Since pictures are not part of the copy, please output only the lines from the one with "Maxi Dress: Sleeveless" through the end of the data below, exactly as written.

# [DATASET CONTENT]
◇ ◇ ◇

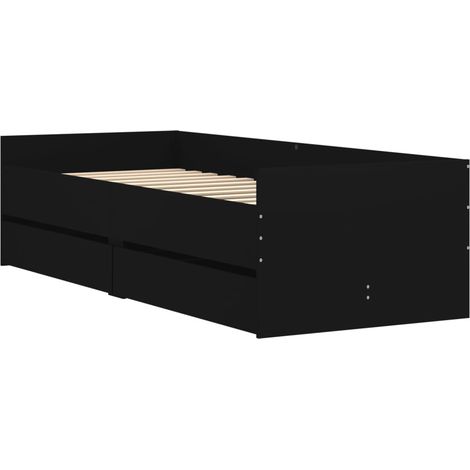 vidaXL Cadre de lit sans matelas noir 75x190 cm (1/5)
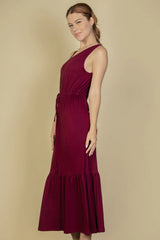 "Capella Maxi Dress: Sleeveless Chic with Button Front and Waist Tie"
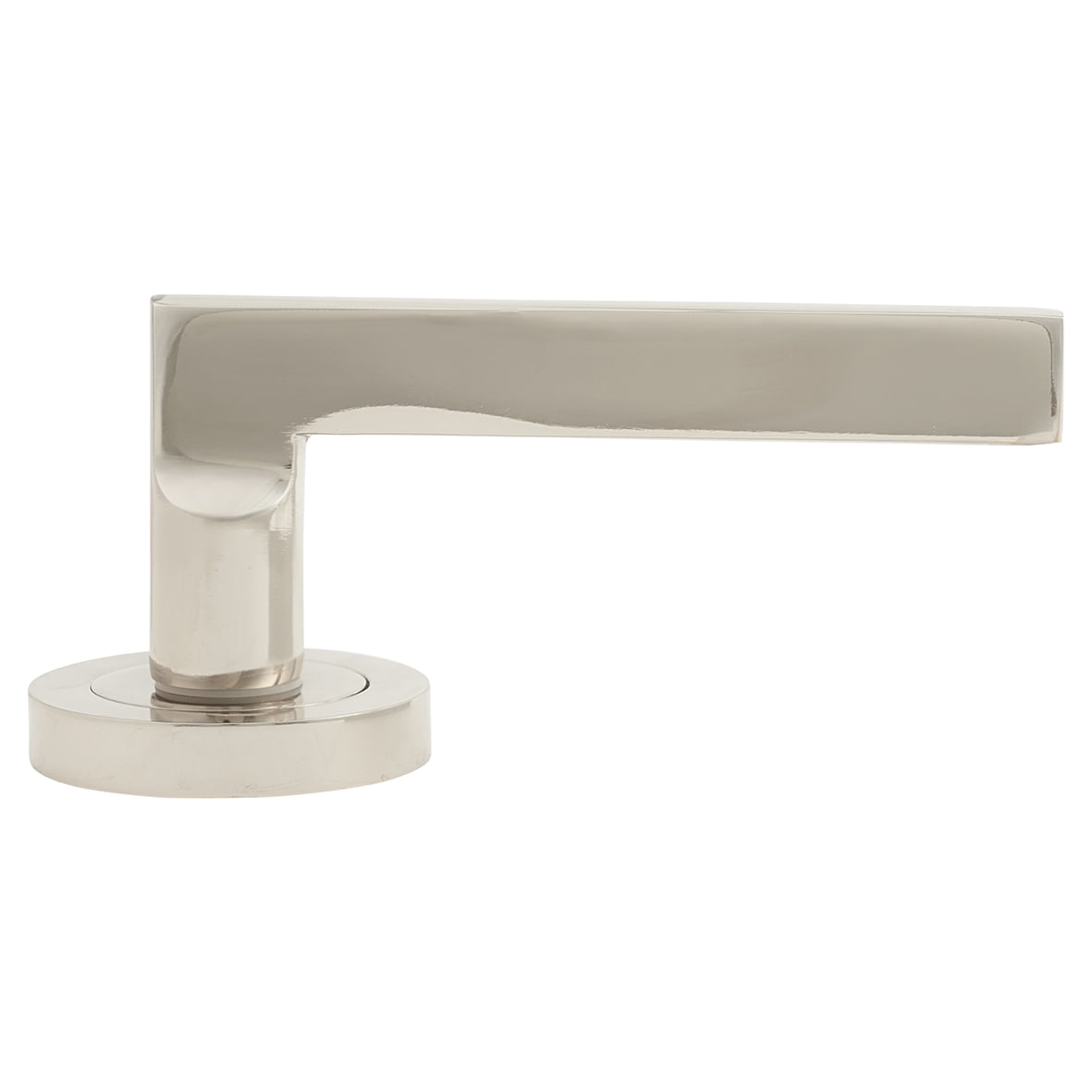 Polished Nickel Door Handles on Round Rose - Lexi Range - view 3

◇ ◇ ◇

# [ANSWER AREA]
 "Capella Maxi Dress: Sleeveless Chic with Button Front and Waist Tie"
 Polished Nickel Door Handles on Round Rose - Lexi Range - view 3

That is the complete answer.